Alongside its defense ties with Australia, Japan has a full-fledged treaty alliance with the United States. Some Japanese specialists, especially Akimoto Chiaki, director of the Royal United Services Institute (RUSI) Japan, have also insisted on the strategic significance of a new type of the Japan-U.K. alliance. The existence of the Japan-U.S. military alliance, the Australia-Japan quasi-alliance, and the possible new type Anglo-Japanese alliance have made security analysts and strategists consider the possibility of Japan’s entry into the Australia-United Kingdom-United States (AUKUS) trilateral security alignment, forming so-called “JAUKUS.” Washington and Tokyo, however, have both denied that Japan was invited to join the defense arrangement.

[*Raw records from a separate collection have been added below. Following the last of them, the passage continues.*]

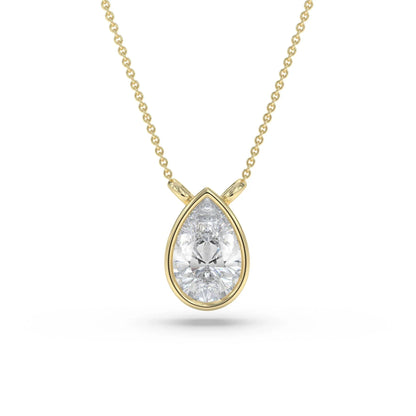 Pear Bezel Golden Pendant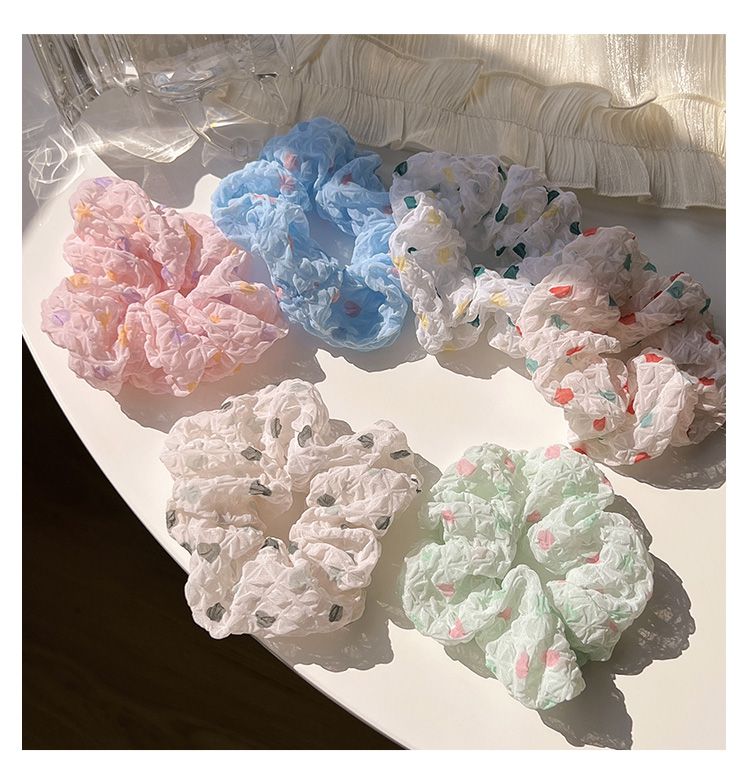 皺摺感小清新布藝大腸圈/髮圈-圓點-白色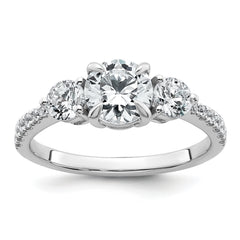14k White Gold 5/8 carat Lab Grown Diamond VS+ F+ Round Semi Mount Three Stone Engagement Ring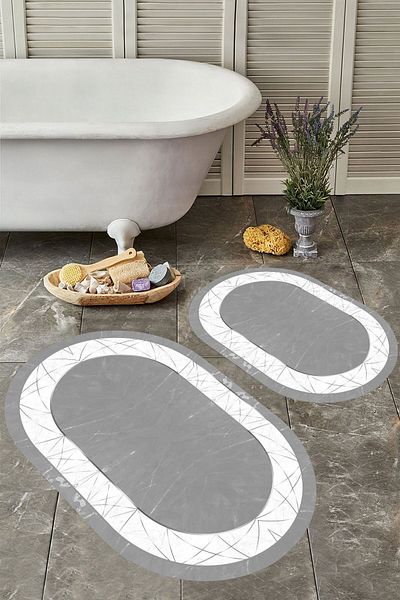 YTR HOME Αντιολισθητική βάση, πλενόμενη σκόνη, ανθεκτική σε λεκέδες, σετ 2 τεμαχίων, οβάλ χαλάκι μπάνιου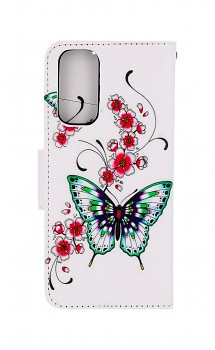 Knížkové pouzdro na Xiaomi Redmi Note 11 Motýlci s květinou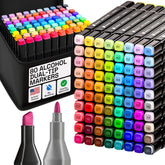 Alcohol Dual Tip Markers Set of 80 with No Bleed Ink, Bonus Case and Vibrant Fade-Resistant Colors, Art Supplies for Sketching, Manga, Drawing, Adult Coloring Books, Card Making (Fine & Chisel)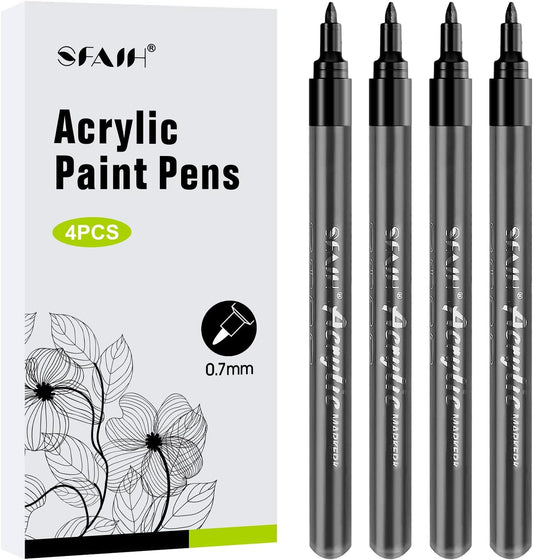 SFAIH Black Paint Markers Pens -4 Pack 0.7MM Fine Tip Acrylic Markers for Rock Rock Painting, Bold Lettering, Poster Making, Labeling, Wood Signs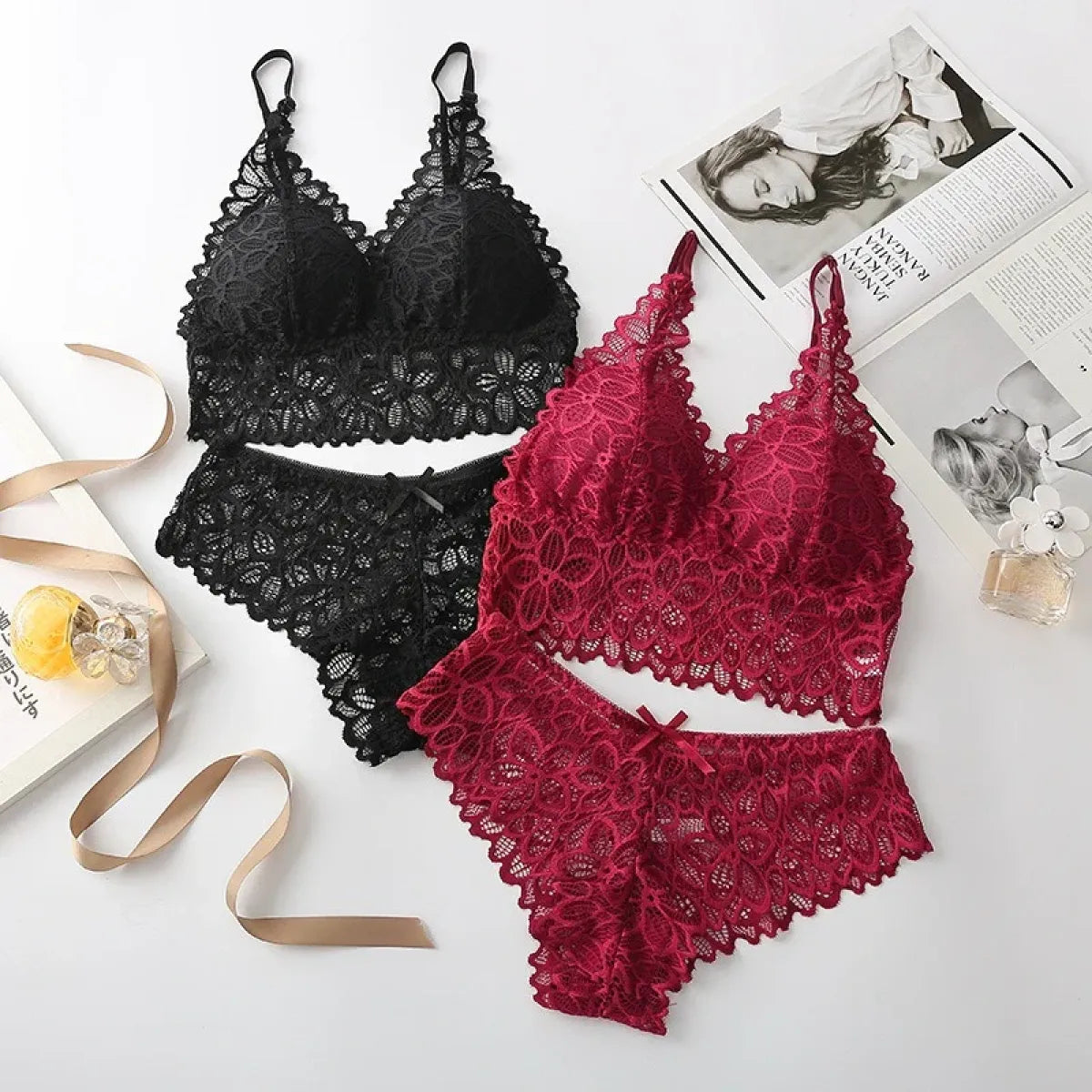 Lace Bra and Panty Set – Seamless Wire-Free Embroidered Lingerie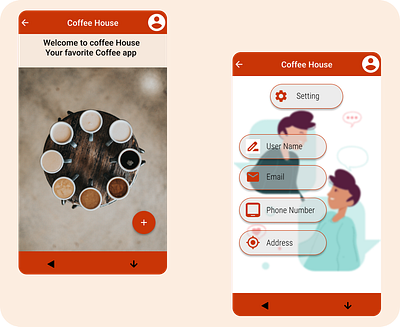 Coffee House Application app design ui ux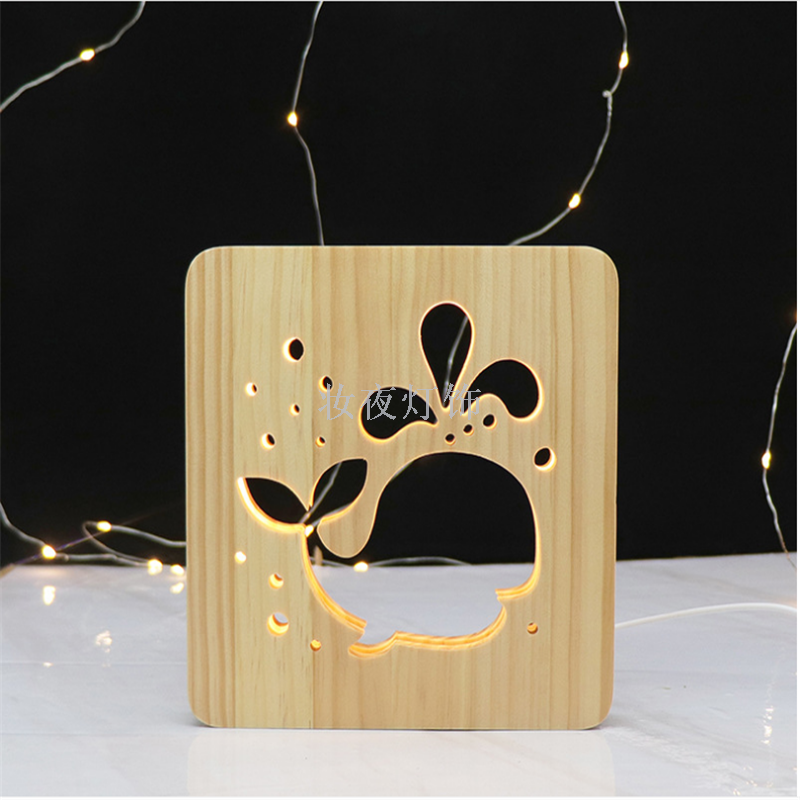 Cross-border products solid wood carving lovely whale table lamp creative gifts novelty small night lights support 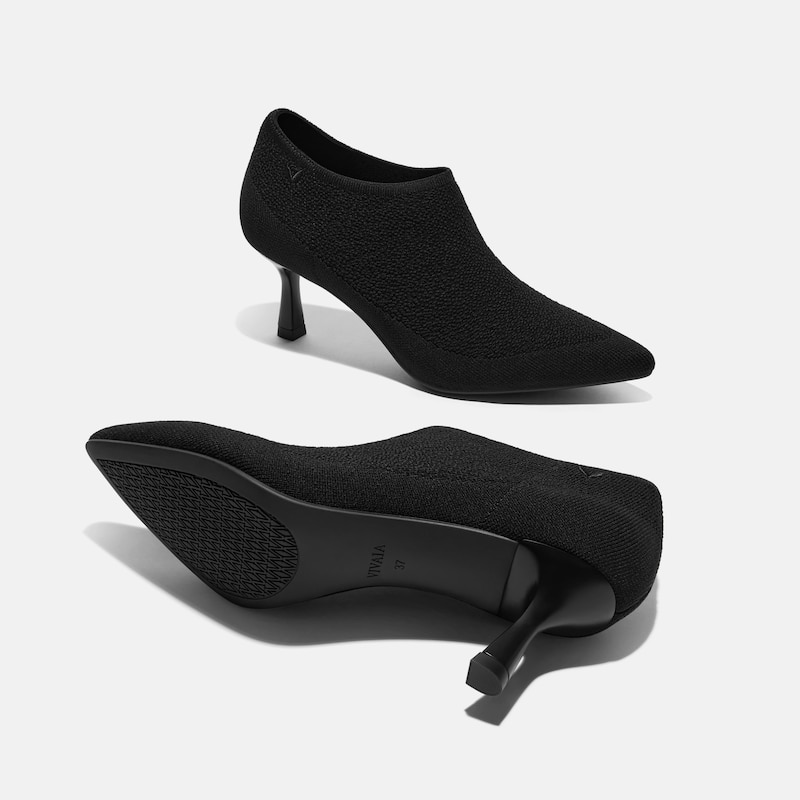 Pointed-Toe Mid Heels (Alana), BLACK JACQUARD, EU38.5 | VIVAIA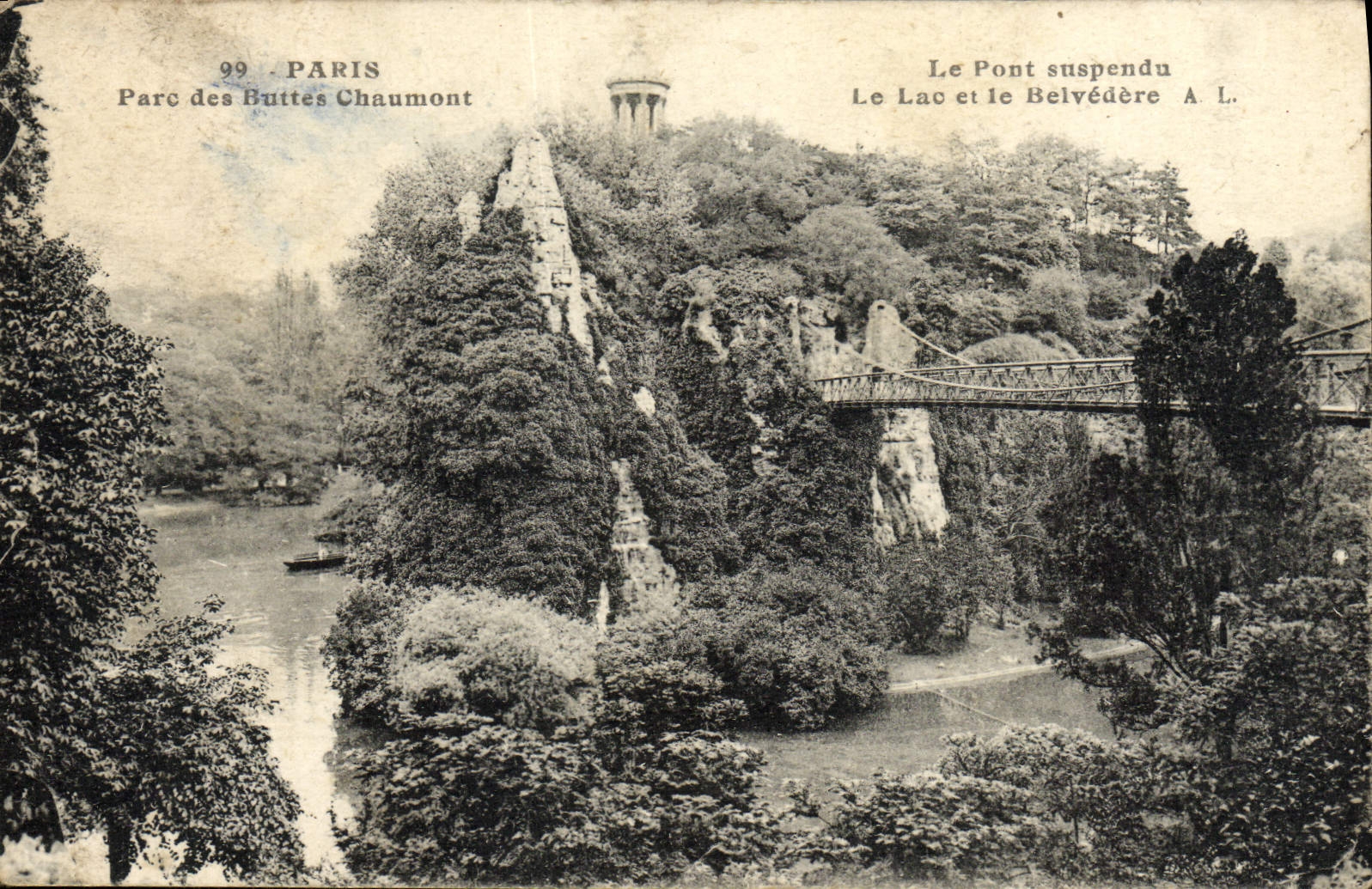 CPA Paris Parc Des Buttes Chaumont Le pont suspendu Le lac et le belvedere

The Australia-Japan quasi-alliance has been gradually developed, mutually recognized, and recently activated. Now it could possibly evolve into a new multilateral security alignment in the Indo-Pacific era. The JAUKUS option might sound unrealistic given Japan’s constitutional limitations and the lack of formal military forces. After all, these same factors hampered the possibility of “JANZUS,” an idea for multilateral defense cooperation between Japan, Australia, New Zealand, and the United States during the Cold War era. Having stated that, the international security environment and Japan’s security strategy have been considerably transformed in the post-Cold War world, and the 2015 Peace and Security Legislation legalizes exercise of the right to collective self-defense to protect a foreign country that is in a close relationship with Japan, including Australia, the United Kingdom, and the United States, in the event of a survival threatening situation.
Regardless of the feasibility of a formal bilateral defense pact or the JAUKUS option, the Japan-Australia quasi-alliance should be reliable and functional in the event of a variety of emergencies and will play its role for the maintenance of international peace and security.